While watching this bird and answering the battery of questions like: "What is it called?" Why is it so pretty? How come it is so small?," I found myself wondering why a bird that looks like this is called a Wood Duck.
Like most birds, names tell something about the bird relating to where it was found, who found it, distinguishing features or where it dwells. Well, the Wood Duck was so named because it is typically found in woodlands near ponds or wooded swamps. (Ahhh, that brings up images of the still waters filled with giant Cyprus Trees draped in Spanish Moss.) The Wood Duck nests in the cavities of trees, as well. So all things considered, Wood Duck is an apropos name.
But, I like the scientific name better: Aix Sponsa. Aix (Greek in origin) means "water bird." Sponsa (Latin in origin) means betrothed. Put them together and the meaning is a "water bird all dressed up for a wedding."

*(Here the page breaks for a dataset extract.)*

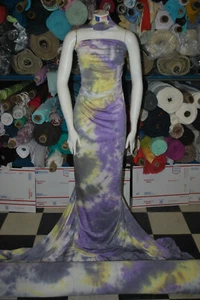 Camiseta deportiva elástica TieDye tela tejida hermosa combo amarillo violeta por yarda - Imagen 1 de 11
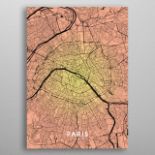 Paris Metropolitan 2 Topography Map Large Vivid Metal Mounted Map Neatly Organises Urban Sprawls And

To some this bird is known as the "Carolina Duck," because it was there that it was first described. Some call it the "Swamp Duck," because that is its favorite habitat, and others call this bird the "Acorn Duck," after its favorite food. I guess he won't get many acorns while here. I noticed that it favored a small cove at the end of the pool at the park where the branches hang over the water. This must make it feel more at home. It is a wonder it doesn't make its way to Kelly's Brook where the habitat may be more familiar.
At one point in history this bird was considered for the national bird for the U.S. because it was so prevalent. I wonder what the Bald Eagle would think of that.
The female of this species builds the nest for the young, often 30 feet or more above the water. That should be high enough to be safe from any form of flooding during the Spring. The Wood Duck is thought to be the only duck in North America that will often have two broods. The Wood Duck is a "percher" (sits high on tree branches,) a dabbler, and a ground forager. Having learned all of this, I wish I had the moment back with the little girl in the park. I could share so much, now.
While the Wood Duck was abundant in the late 1800's, unfettered hunting and loss of habitat nearly caused the species to be extinct. By 1918, the Migratory Bird Treaty Act outlawed market hunting of migratory birds and offered a reprieve for Wood Ducks and others. Shortly after that, hunting of the Wood Duck was totally outlawed in the U.S. and in Canada.
In 1942, hunters in the Atlantic and Mississippi flyways were allowed to take one Wood Duck a day. Today? Conservative bag limits are still placed on this bird, and work is on-going to protect their natural habitat. (My appreciation goes to the U.S. Fish and Wildlife Service for providing all of this information.)
The Wood Duck is considered to be the most beautiful of all ducks. Each distinct section of its body has a stand-alone beauty that combines to create a harmonious blend of color and design. With a mixture of blues, browns, greens, reds, burgundy with splashes of black and white throughout, this bird illustrates how nature paints with perfection.
Watching this bird with a child created one of those "wake up and smell the roses" moments, where I was reminded to take a few minutes to appreciate the value and resilience of birds I encounter. For many, they travel great distances and survive so many natural and man-made obstacles to just "be," and how nice it is that some can just "be" here.